第二天,李沧海拿着信物找到民堂医馆,旺财则留在家里,那伙人没收到田税,应该不会善罢甘休。
“小哥,您看病还是抓药?”一个小斯对着李沧海问道。
“你好,馆主在吗?”李沧海拿出了信物。
小斯明显不认得。
“抱歉,馆主没空,您看我能帮你什么?”小斯态度冷淡起来。
“我是来找活计的,这是熟人信物,还烦请通报一下。”
“你说是熟人就是熟人啊,那馆主不得忙死,走走走,不看病抓药赶紧离开。”小斯态度不好起来。
“不是,你通报一下会少块肉啊。
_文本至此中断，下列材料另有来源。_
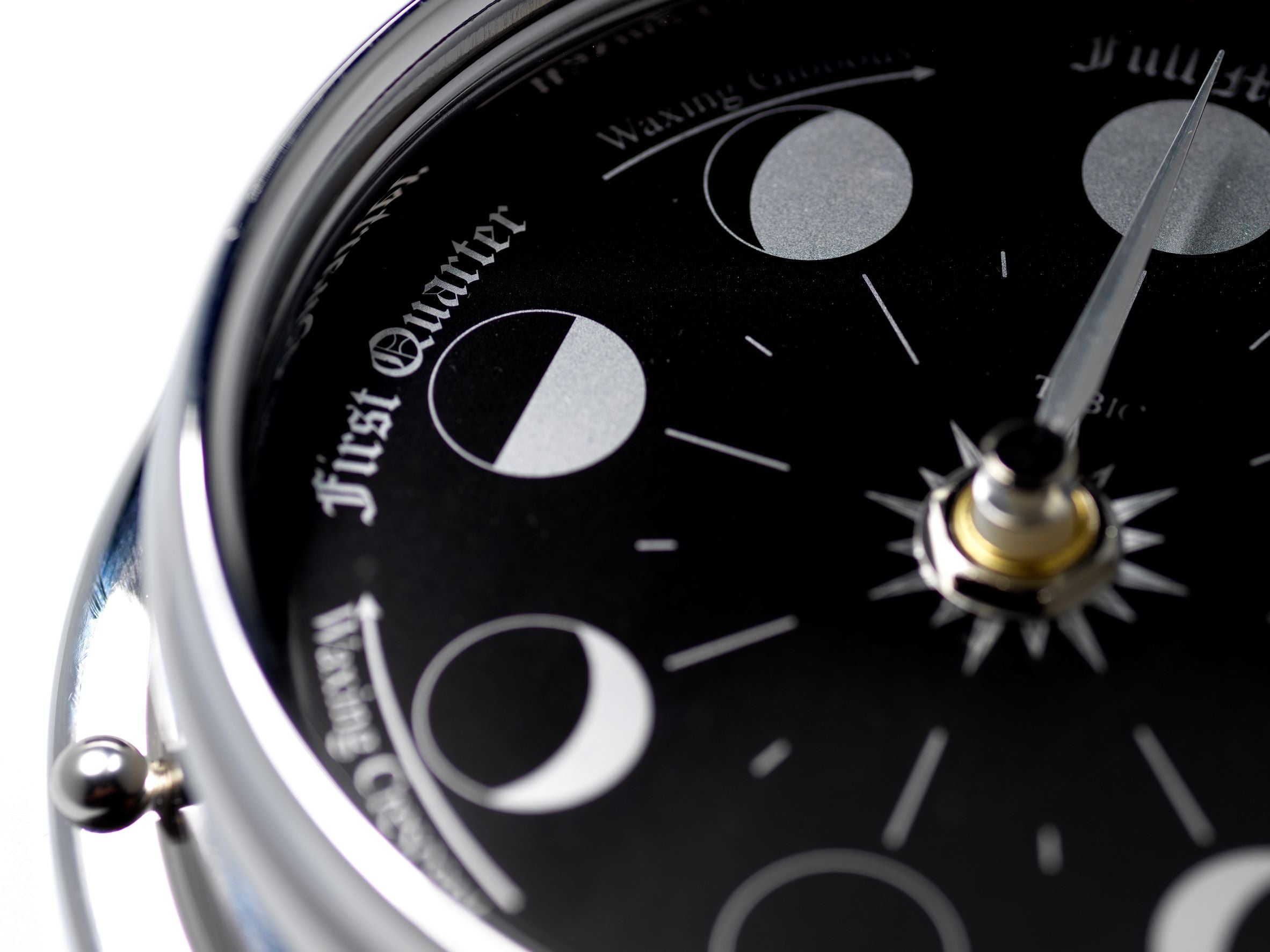 Handmade Prestige Moon Phase Clock in Chrome with Jet Black Dial created with a mirrored backdrop - TABIC CLOCKS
”李沧海也没有了好脾气,阎王好见,小鬼难缠。
“你这是来找事了?我告诉你,我们民堂医馆可不是吃素的。”小斯说罢,卷起了衣袖。
“小修,做什么呢?”一道声音响起,紧跟其后出来的,是一个看起来五十多岁的中年人。
“馆主,这人来找麻烦。”
李沧海倒是没再回应,直接拿着信物走到馆主面前,双手奉上。
“你好馆主,熟人所托,特来寻找活计。”
中年人看了一眼铜币,眼神轻跳。“随我来吧。”
“馆主。”孔修在后面焦急喊道。
“前面看店去,别大惊小怪的。”中年人喝了一声,头也不回,带着李沧海走了进去。
只是他们刚进去,孔修一脸气愤,嘴里不知道嘟囔着什么。
后院。
“没想到,云通连这都给你了,看来是真遇到大事了。”中年人思绪万千。
“馆主?”叶蓝天无奈,这些人怎么一个比一个奇怪。
“噢,不好意思,你是说你来找活计干?可识得药物?”
“不识,想学。”李沧海如实回答。
“既是云通所托,我汤堂定当竭尽所能。”汤堂收起一脸唏嘘,对着李沧海说道。
“还望汤馆主多多指导。”
“这样,工钱你就跟外面小斯一般,只包中午饭,可行?”
“那可太行了,感谢馆主。”李沧海一脸大喜,可算找到有钱的活计了。
“你先把这书籍看完,熟记,三个月后,我会考核你。现在先去前面帮忙打下手吧。”汤堂看李沧海这模样,倒是笑着摇了摇头。
“噢,对了,孔修脾气不太好,你多多包涵,这孩子,自从捡来,就总是怕我将本事教给别人,这心性,唉,但他本性不坏。”
李沧海表示理解,也没跟他计较,他堂堂长生者,区区凡俗之人,哪值得他计较。